Now as you know, when pthread_cond_wait goes to sleep it releases "mutex" and acquires it again after its woken up without you having to reacquire it again after pthread_cond_wait.

So thread 1 and thread 2 are waiting/sleeping on futex 1 in the kernel which is : "condvar->futex". releasing mutex->futex variable.
But when they are woken up, they _TRY_ to reacquire : "mutex->futex"

They are effectively waiting for the value of condvar->futex to be changed in kernel while on a futex queue.

When you fire:

pthread_cond_broadcast(&cond);


the pthread library tries to wake up only 1 process through a FUTEX_CMP_REQUEUE op passing:

(&condvar->futex, 1, INT_MAX, &mutex->futex);


This implies that the kernel should first try to wake up 1 process sleeping on the condvar->futex that has been changed by the broadcast from user-space and then requeue all the others sleeping on condvar->futex to now wait on "mutex->futex" .Howz that for thundering herd ?

Basically it moves the other waiting processes from condvar->futex queue into mutex->futex futex wait queue as when any process is woken up after a condwait as mentioned above, it would try to grab the mutex->futex (lock mutex after condwait). So when the mutex is unlocked again, automatically 1 process is woken up from mutex->futex as expected.



The wake all processes waiting on futex step on a broadcast step:
(FUTEX_WAKE,&mutex->futex, INT_MAX); is eliminated as all the required waiter processes were already moved to mutex->futex on a FUTEX_CMP_REQUEUE with only a 1 process wakeup to avoid the thundering herd issue with such broadcast wakeups/schedules.
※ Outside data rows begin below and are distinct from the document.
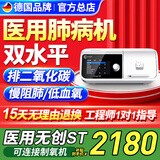 科司德德国品牌呼吸机打呼噜家用双水平全自动止鼾器无创睡眠呼吸暂停 【升级款肺病机】25压力双水平ST模式丨排二氧化碳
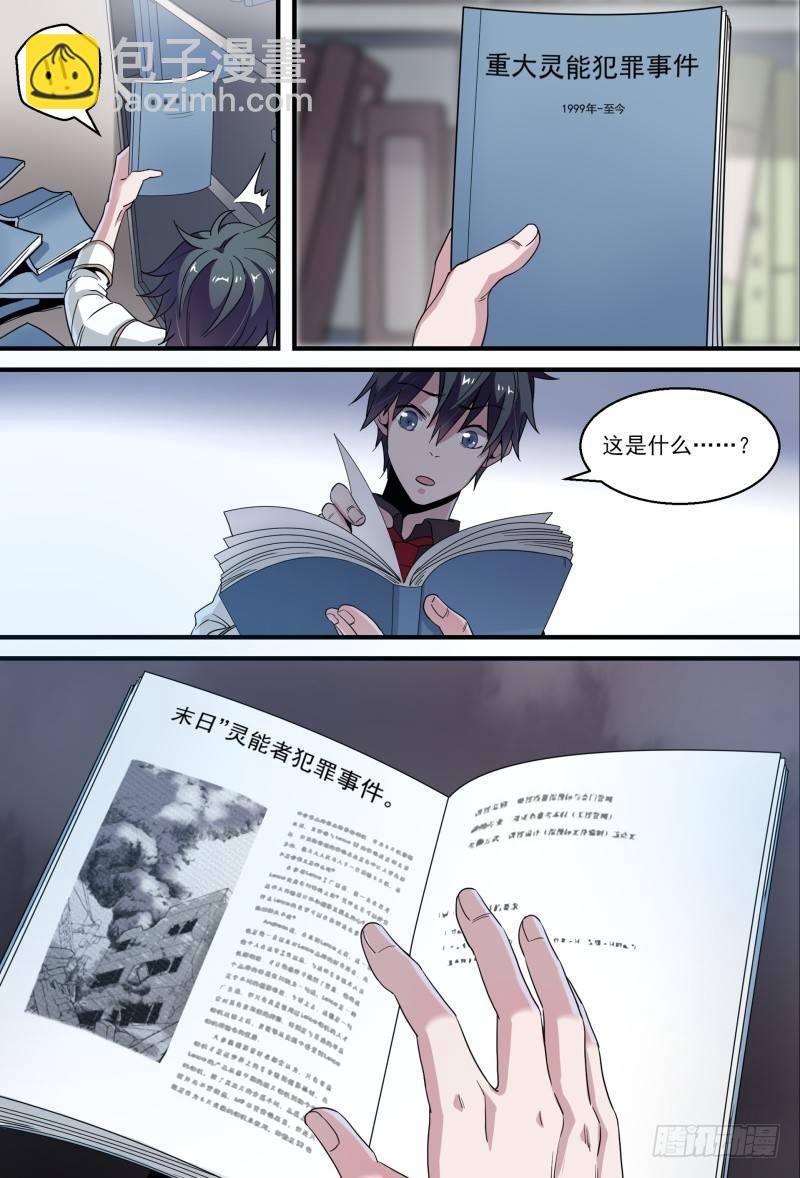 54话.成为强者-第56话
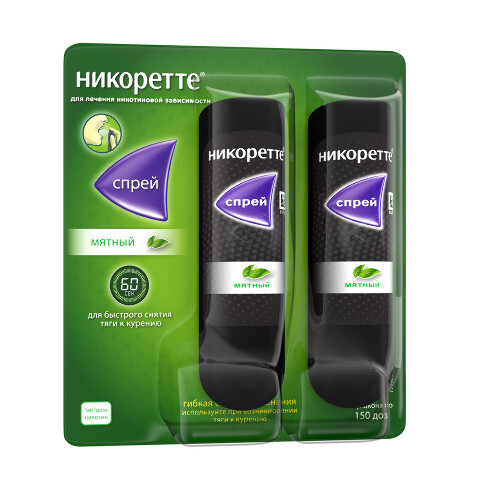 НИКОРЕТТЕ СПРЕЙ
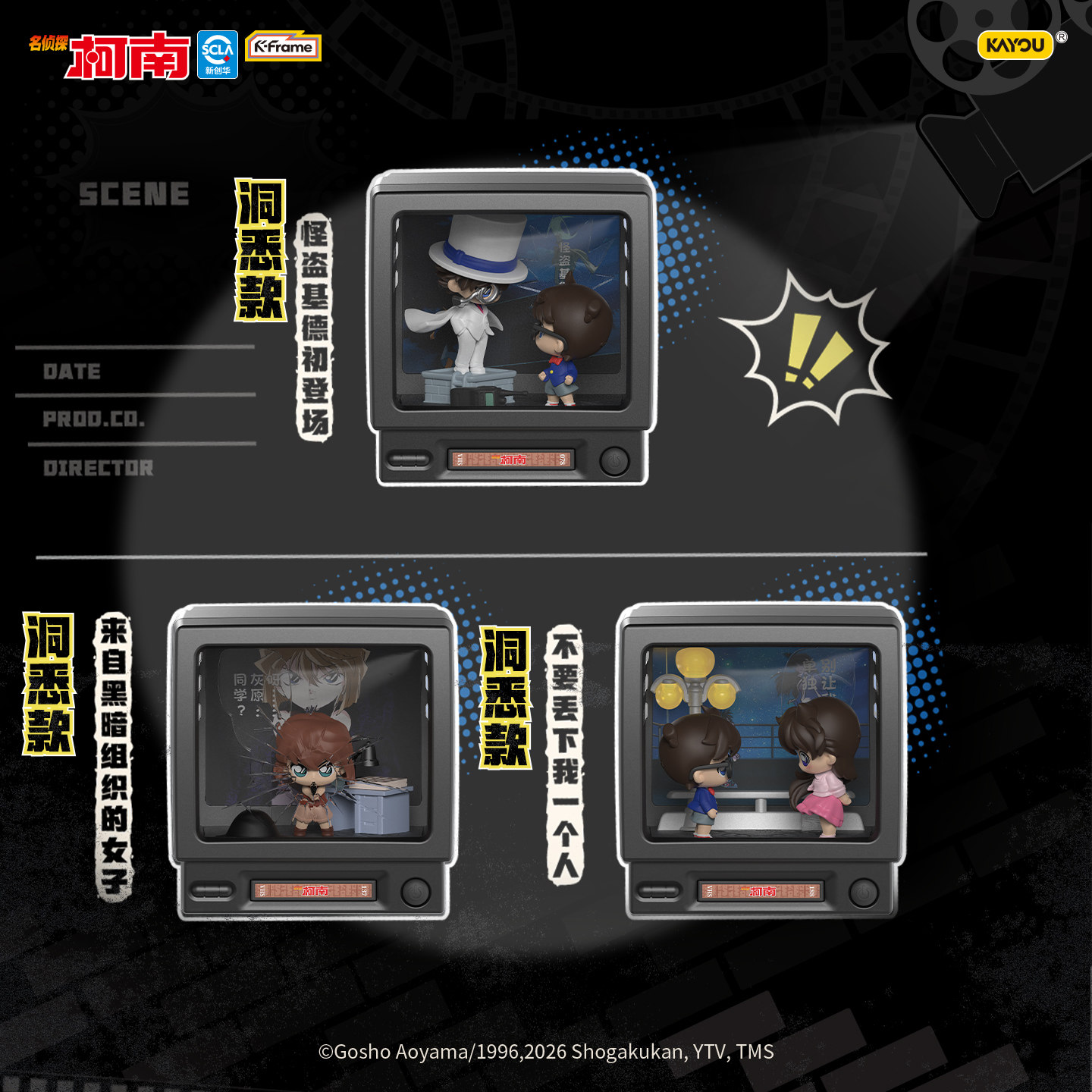 Kayou Detective Conan Mini Sce - Vintage Fashion Dolls recensione e prezzo
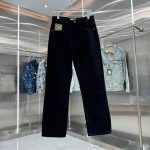 Gucci Jacquard Jeans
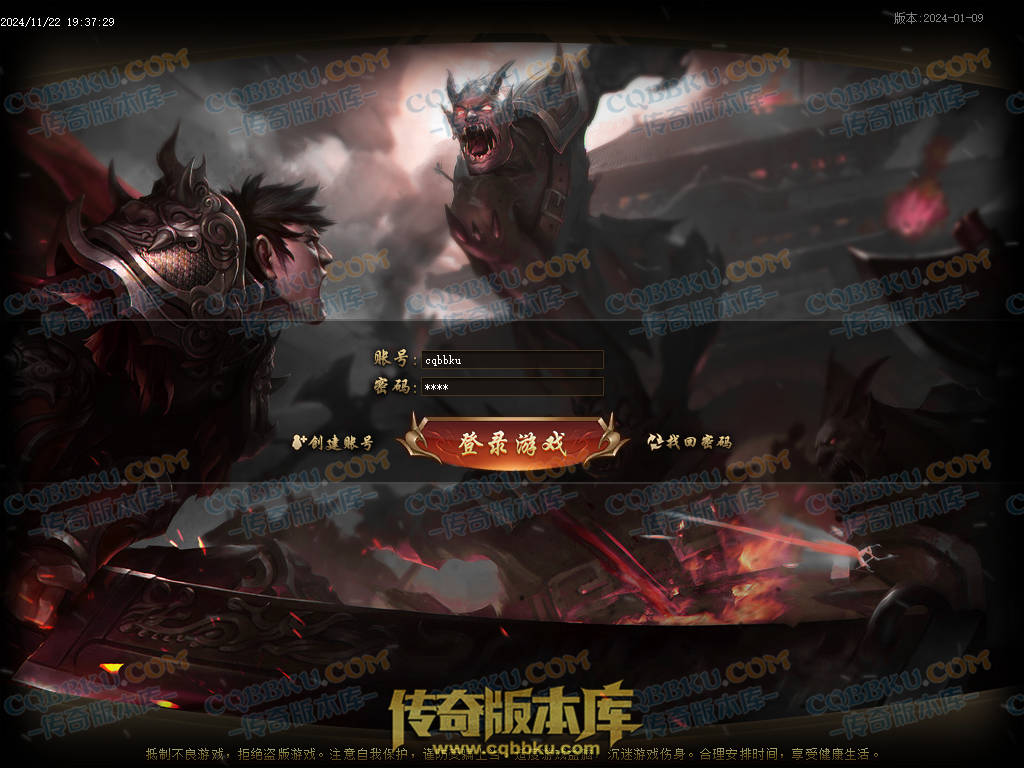 01-202独家新魔神秋风沉默专属单职业传奇服务端-带假人光柱-五行修炼-永恒大陆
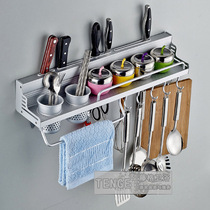 Space aluminum kitchen rack wall-mounted knife holder aluminum alloy seasoning holder multi-function kitchen storage rack-free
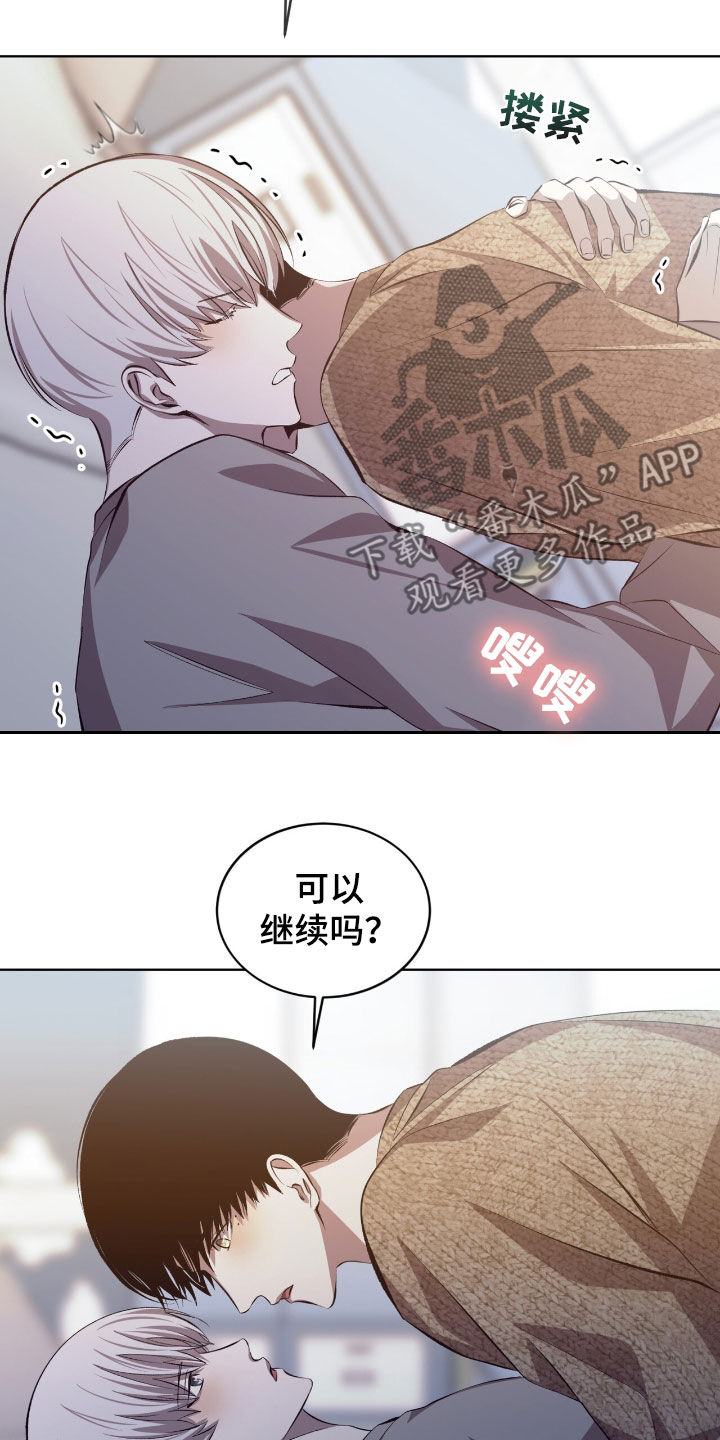 第50话13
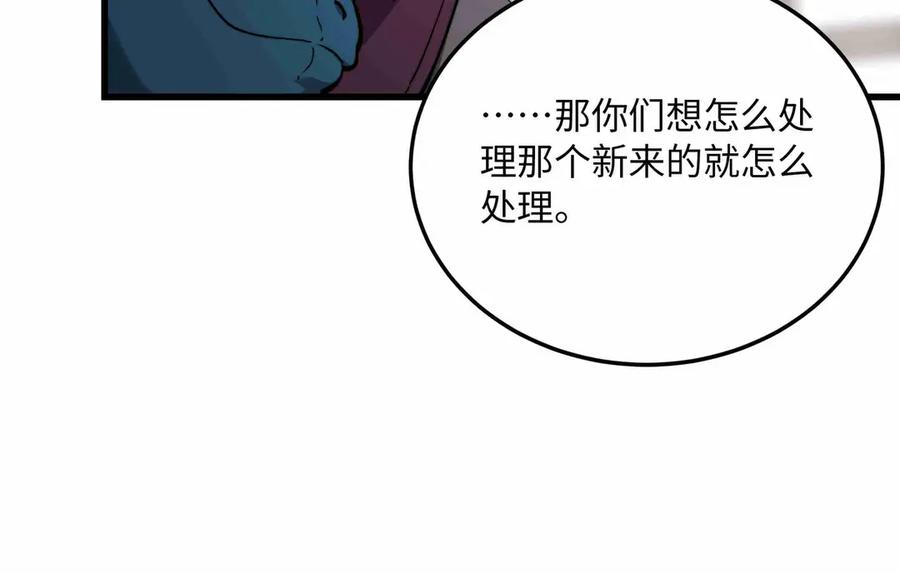 《被遗弃在异世界的玩家》第28话 大使 第63页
However if you see the CMP_REQUEUE trick that the kernel employs to avoid a thundering herd, it can have a RACE condition when the value of "condvar->futex" or futex variable at address 1 can be CHANGED behind the back while the process enters the kernel for FUTEX_CMP_REQUEUE. with old value of futex1 through a parallel pthread_cond_wait/signal/broadcast.

So this could result in a missing signal or lost wake up if kernel doesn't recheck the value of futex1 or condvar->mutex
as effectively during that CMP_REQUEUE wake 1 window, another thread 4 could have fired a :



"pthread_cond_wait(&cond, &mutex);" changing "condvar->futex" behind the back while a CMP_REQUEUE wake 1 and requeue others is in progress.



So kernel detects this race by a recheck of the condvar->futex user space address value to see if it has changed indicating a racing pthread_cond_wait or a pthread_cond_signal/broadcast on the same cond.

When it detects such a change of the value of futex1 or a race condition, it returns -EAGAIN back to the NPTL posix pthread library FUTEX_CMP_REQUEUE call.(indirectly invoked on a pthread_cond_broadcast)

The pthread library then catches this failure (or any failure) from CMP_REQUEUE futex and then reissues the call again to the kernel with the usual FUTEX_WAKE opcode and a INT_MAX value or a wake_all tasks value to the kernel. indicating the kernel to fall back to the thundering herd wake all process step with INT_MAX processes to wake up using it as the last resort incase of a race as mentioned above with FUTEX_CMP_REQUEUE.

The addition of the FUTEX_CMP_REQUEUE futex operation in the futex syscall in the kernel is a juicy trickery to avoid thundering herd issues experienced with Operating Systems programming and hence makes for an interesting hack.